Strivers Row
By Kevin Baker
HarperCollins, 550 pp., $26.95
The late fiction writer Andre Dubus II once remarked to me that a novel asks a question, the answer to which is both yes and no. ''Answer yes, and you're dealing with a sentimental writer," said Dubus. ''No, and you're talking about a limited writer." In ''Strivers Row," the final installment of Kevin Baker's ''City of God" trilogy, readers will discover an ambitious, cinematic tale, although hindered in its effect by a writer reluctant to formulate the appropriate question.
The conclusion to Baker's New York epic takes place in Harlem during World War II. The period details are carefully observed: the jazzy patter and rent parties; the emerging black middle class and its grounding in the Protestant church; the rising tension between black GIs and a predominantly white police force; and the late-night mixing of races in the legendary dance halls uptown. Baker's narrative follows twin, mostly parallel tracks, namely, the arrival in Harlem of Malcolm Little (later to be known as Malcolm X) and the tribulations of a young black minister, Rev. Jonah Dove, pastor of the fictional Church of the New Jerusalem and son of its aged founder, Milton Dove.

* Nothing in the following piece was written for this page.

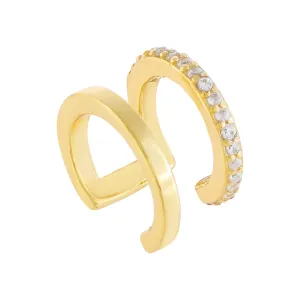 Pavé X Solid Ear Cuff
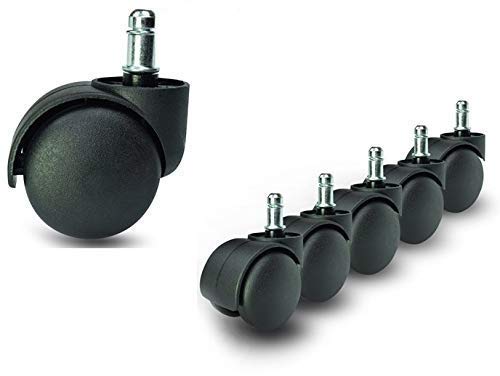 Breewell New Imported Caster Wheels Office Chair Black Set of 5 - Image 1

Early on, ''Strivers Row" features a virtuoso scene, in which the teenage Malcolm, dressed in a flashy zoot suit with ''sweet-potato-colored-shoes," catches a train to New York. But it's the way he catches the Yankee Clipper that distinguishes Malcolm as a character, and opens the novel with such promise. He works as a ''sandwich man" on the line out of Boston, and while his fellow crew members look on, Malcolm saunters alongside the already moving train, counting off the cars as they begin to stream past. At the last second, he grabs onto the rail, using the momentum of the train to spirit him up and into the kitchen car, to the laughter of his mates.
On the train Malcolm comes to the rescue of two strangers, the light-skinned Jonah and his darker-hued wife, Amanda. At first, Malcolm believes that Jonah is a white man and can't fathom why a group of drunken white soldiers is harassing him. Realizing the truth, Malcolm uses his street smarts and toughness to fend off the soldiers until the MPs arrive. Jonah is more embarrassed than grateful.
Malcolm and Jonah take mainly divergent paths from there, the former seeking to embrace his black identity, the latter intent on escaping it. Despite his work ethic, the New York Malcolm sinks into two-bit hustles and drug use, committing petty crimes and dreaming of bigger scores. However, the future Malcolm X's infamous degradation, the journey through hell that preceded his religious and social awakening, is curiously tame, as if none of it were Malcolm's fault, or even his intention. It's all there: Malcolm as pimp, drug dealer, bagman, and tout -- somehow sanitized and sanctified by Baker's treatment.
Of course, a historical novel is neither fish nor fowl, since the writer is not bound by accounts of what actually happened during a specific era, nor completely free to create a traditional work of the imagination. Baker's strength is the variety and disposition of his minor characters, many of them based on real people. There's Robert Todd Lincoln, son of the Great Emancipator himself, depicted as a sour old man who ''haaated Negroes." Adam Clayton Powell Jr. makes several memorable appearances, a charismatic, confident, but flawed civic leader, more interested in satisfying his appetites than leading his people out of their Jim Crow wilderness. Also in the cast is Master Wallace D. Fard, an apparent white man who claimed to be black, one of ''the Original People, the Negroes." Equal parts shaman and charlatan, Fard recruited Elijah Muhammad into what became the Nation of Islam, schooling him in the white man's ''evil new science of Tricknology."
The narrative addresses many sensitive topics, highlighting the ugly tension between the races that has never abated in this country and shows few signs of ever doing so. Baker explores black-on-black crime, interracial couples, the hair straightening and skin lightening of those trying to ''pass," and the self-hatred of certain blacks stuck in limbo between white America's materialism and African-American spirituality. What troubles me about Baker's portrayal of these subjects, besides Malcolm's pasteurized criminality, is the thorny stereotype that his important black characters were, each one, redeemed in some sense by a white person. The fictional Milton (and, by extension, his son Jonah) was saved from a racist mob by his white mother, who was murdered and martyred as a result. Even young Malcolm owes a good measure of his all-important self-esteem to the diligence of a kindly white social worker named Maynard Allen.
In his acknowledgments, Baker notes that one of his principal sources, ''The Autobiography of Malcolm X," was a flawed document, not to be taken literally in its explication of how Malcolm was introduced to Muhammad, Fard, and the Nation of Islam. But instead of bending time, as he does elsewhere, to re-create the initial, seminal meetings between Malcolm and Muhammad, Baker falls back on the story in the autobiography that they met in a dream or vision that Malcolm had -- while stating afterward that such an event couldn't possibly have taken place. Kevin Baker is a rare talent. Yet by shrinking from the truth in ''Strivers Row," he has failed to pose the right question.